What you are asked to do: Given the records below, would you repeat exactly the lines that begin at the one containing "Jackie & Bindi." and end at the one containing "Bajaj Boxer 125 2022 Red", inclusive?
··· Supplied information ···
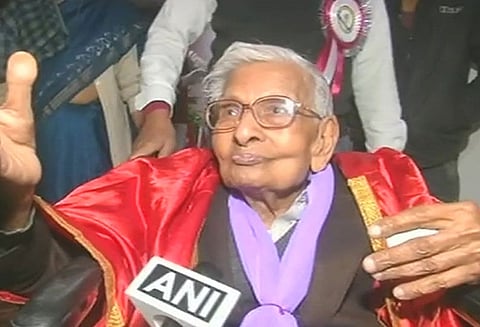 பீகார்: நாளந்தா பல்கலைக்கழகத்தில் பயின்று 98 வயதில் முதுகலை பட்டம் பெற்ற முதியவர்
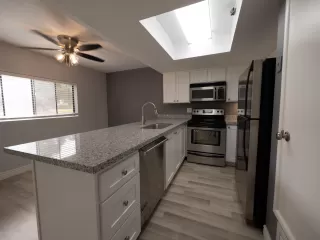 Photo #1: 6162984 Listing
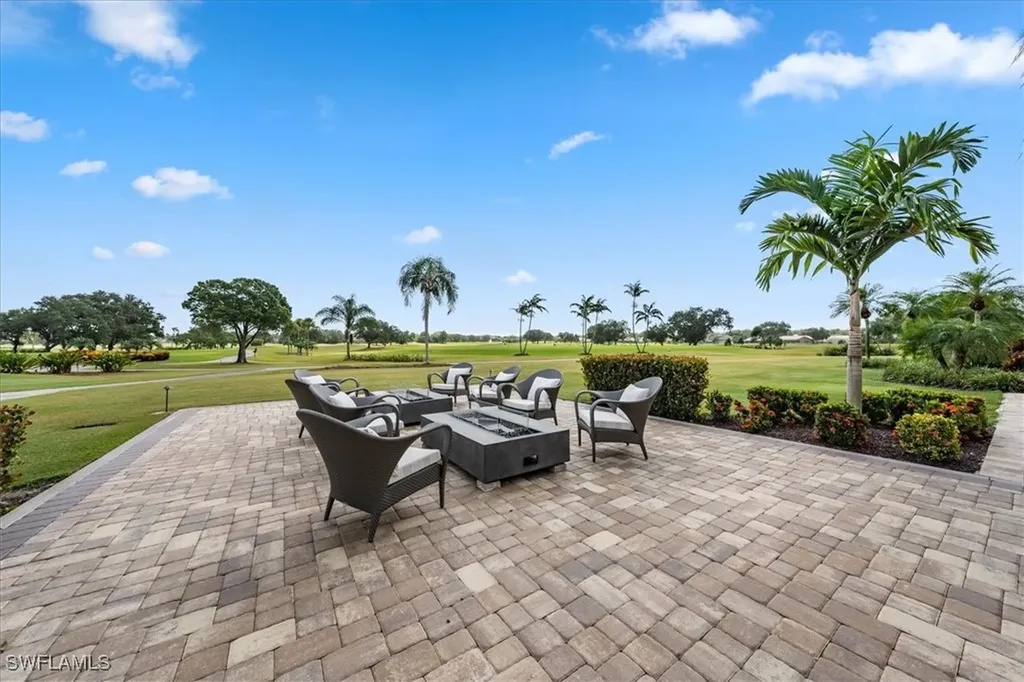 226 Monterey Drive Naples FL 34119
···
··· Supplied information ···
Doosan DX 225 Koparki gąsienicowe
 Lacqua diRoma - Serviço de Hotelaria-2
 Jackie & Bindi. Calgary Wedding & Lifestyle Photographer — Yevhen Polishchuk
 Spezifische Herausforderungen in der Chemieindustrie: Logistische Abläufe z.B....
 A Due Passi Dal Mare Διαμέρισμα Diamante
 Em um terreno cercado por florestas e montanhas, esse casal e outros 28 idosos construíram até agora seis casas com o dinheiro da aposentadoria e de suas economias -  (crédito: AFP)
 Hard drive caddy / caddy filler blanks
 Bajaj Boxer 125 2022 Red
···
··· Supplied information ···
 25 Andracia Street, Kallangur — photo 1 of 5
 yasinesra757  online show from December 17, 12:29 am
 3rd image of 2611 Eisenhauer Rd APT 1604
···
Solution for this task:
 Jackie & Bindi. Calgary Wedding & Lifestyle Photographer — Yevhen Polishchuk
 Spezifische Herausforderungen in der Chemieindustrie: Logistische Abläufe z.B....
 A Due Passi Dal Mare Διαμέρισμα Diamante
 Em um terreno cercado por florestas e montanhas, esse casal e outros 28 idosos construíram até agora seis casas com o dinheiro da aposentadoria e de suas economias -  (crédito: AFP)
 Hard drive caddy / caddy filler blanks
 Bajaj Boxer 125 2022 Red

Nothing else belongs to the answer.